Some days I love blogging, others, I wonder if it’s worth the hassle. Set the scene.
I’m sat on the floor in my childs room, surrounded by three days worth of abandoned clothes. There is unopened boxes in one corner, filled to the brim with baby bits I probably don’t need and may not ever use. Empty boxes are discarded in another, not yet thrown out. Harrison is propped between my legs, sitting unaided and completely unaware that I am entirely distracted. He’s happy enough playing with his singing pot, but I’m not really there. I’m distracted from him, thinking about the blog I started because of him. I’ve got four posts to write at some point that day, and I’m trying to work out how I’ll manage three outfit changes on a four moth old, managed miraculously around the nap time we both desperately need. My son may be close to me today, but I am not 100% there. This is not what my blog was supposed to do, and not how my maternity leave was supposed to be spent.

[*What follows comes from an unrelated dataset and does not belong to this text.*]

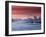 City Skyline along Ohio River, Louisville, Kentucky, USA-Walter Bibikow-Framed Photographic Print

Today was a difficult day. My baby was in the best of moods: for the first time in a while he was not overtired, he wasn’t overcome by teething, he wasn’t agitated – he was in the best of moods, and yet I was frustrated. Frustrated because I couldn’t quite manage to capture him giggling whilst keeping his hands still, frustrated because nap time coincided with the perfect time for natural day-light, frustrated because I couldn’t materialize the things that I wanted to, that I needed to. Today was difficult because I was frustrated, it was difficult because I made it difficult, and that is the saddest part of it all. I am not a ‘blogger’, I do not write for a living, and my child is not my job, but as I delve further into blogging, I’ve had tiny fleeting moments where I have forgotten this. Today was a bad day because I made turned it into one – I became preoccupied in the pressures of the workload I placed upon myself. There should be no reason for me to be stressing over deadlines, quality of work or feeling inferior. I blog for fun, to give myself something to look back on in years to come, a deterrent even, for when I decide I want a second child and have somehow managed to forget the sleepless nights.
I used to think bloggers were over-payed. Influencers with little influence. It’s easy to see that from the outside; what people see is what we portray, well put together posts, with well lit photos and smiles all around. Blogging didn’t look hard because no one made it look that way: the fact that anyone could be paid for keeping an ‘online diary’ or sharing the products that they use daily baffled me – little did I know that running a blog is all-consuming. It’s hard to write a successful one without keeping an active presence on social media, and coupling the two can lead to hours upon hours of work, which I personally never expected. If I didn’t have a child, then maybe spending hours researching, or taking pictures, or editing, or writing, or doing search engine optimization might be feasible, but if I didn’t have a child, my blog would never exist. I write for memories, not for money, and it’s time I remind myself of that. This post is not here to help anyone other than myself. I’ve lost touch with reality slightly, living in the dream world of Pinterest homes and Youtube children. I’ve became caught up in the notion of a life portrayed online; my life is not perfect and it does not need to come across that way. Today I tried to take pictures of Harrison with a new toy he was sent, a new toy which he never asked for and he didn’t want to play with – much to my dismay. He’d smile briefly before chewing his hands and ignoring the toy completely, and I kept getting frustrated, wondering how I could force a baby who was more than content to play with his fists to play with a toy we probably didn’t need in the first place, even just for a split second, so that I could capture the moment. It only highlighted what I’ve been thinking for the past few weeks, why do I even bother with this?
I’d lost any motivation to simply write what I wanted to anymore, instead becoming fixated on what was coming into my inbox. I’d taken pride in writing posts that were honest, yet continued to produce reviews on items I would never have spent my own money on. I’ve filled my days with pressure to produce content after content, but for what? £80 for writing a post about maintaining your car tyres is not worth the stress it gives me trying to write the bloody post. Other bloggers can post daily and create content that they are proud of without getting stressed, and I am envious of those individuals, as I am simply not one of them. Trying to write the best blog about my child prevented me from enjoying the time with my child, and I won’t let that happen again. Maternity leave is fleeting – whether I choose to return to my previous job or I go in the direction of Social Media Marketing, I’ll be losing a lot of time with my child – and at that point I’ll wish I’d put the camera down and just enjoyed the giggles for what they were. At this point, continuing my blog isn’t worth it.